Repetition of words causes detection error
When I input strings like 'hello world hello world hello world', langid can't identify it as English text.
>>> import langid
>>> langid.classify('hello world hello world hello world')
('af', 0.683057652874482)
Thanks for getting in touch! This is an interesting one!
>>> hello world
(array([1426, 1428, 2273, 3948]),)
[1 1 1 1]
('en', -23.719746112823486)
>>> hello world hello world
(array([1339, 1426, 1428, 2273, 3948]),)
[1 2 2 2 2]
('en', -62.565943241119385)
>>> hello world hello world hello world
(array([1339, 1426, 1428, 2273, 3948]),)
[2 3 3 3 3]
('af', -100.6344223022461)
>>> ld
(array([1339]),)
[1]
('en', 2.9972290992736816)
The issue is that in the training data, the pattern "ld " must be more strongly associated with afrikaans than English, especially when considered with the other patterns in "hello world".

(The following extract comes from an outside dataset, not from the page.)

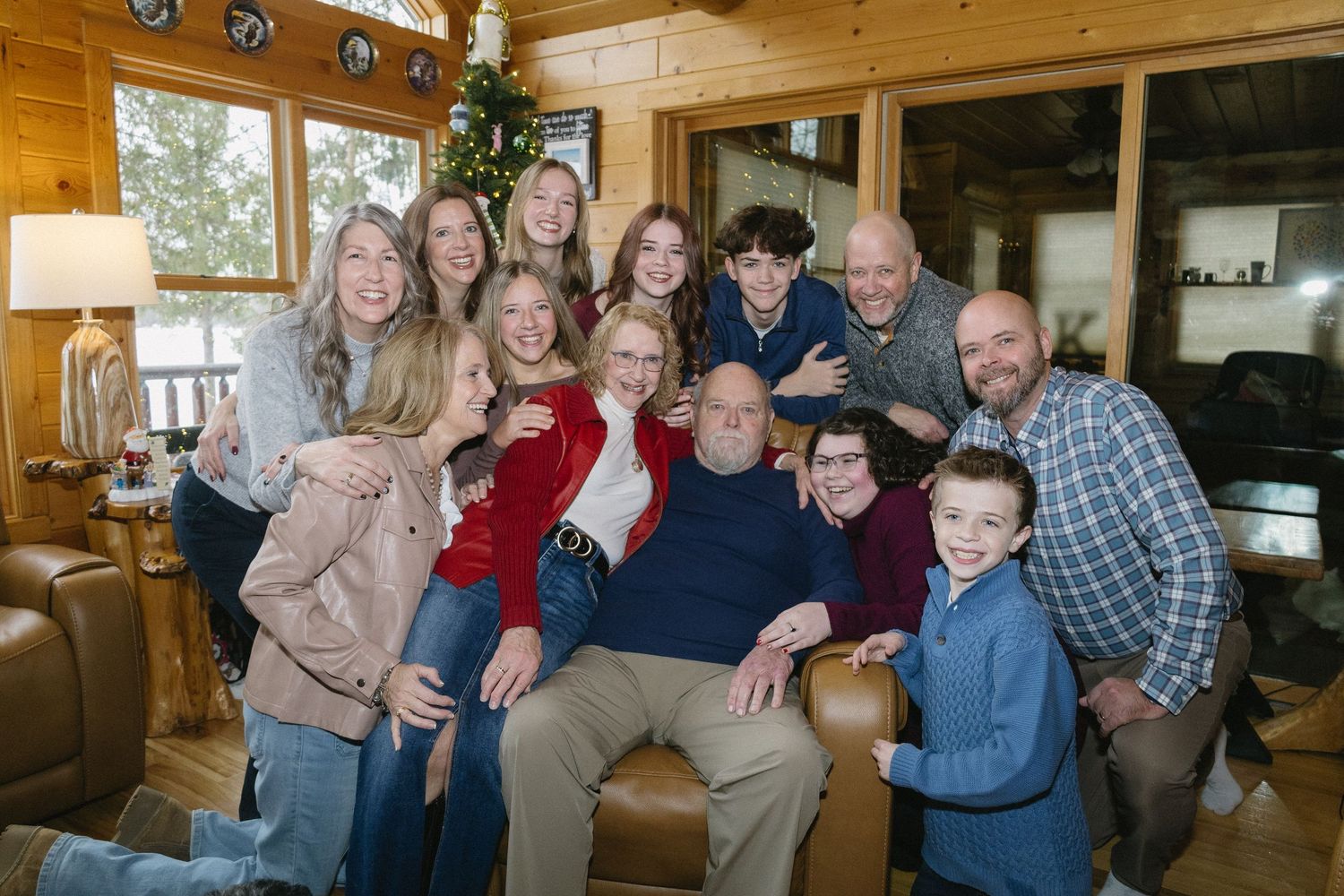 A large family smiling in their cabin for family portraits.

Unfortunately, there's no easy fix for this. Is this a problem in a real use case for you?
Not yet. But my code using langid might process millions of data and texts, and I cannot guarantee there would be no extreme cases like this one. With that being said, I have to admit such circumstances may not even happen. If there's no easy fix, then not fixing it is fine. Thank you for your patience!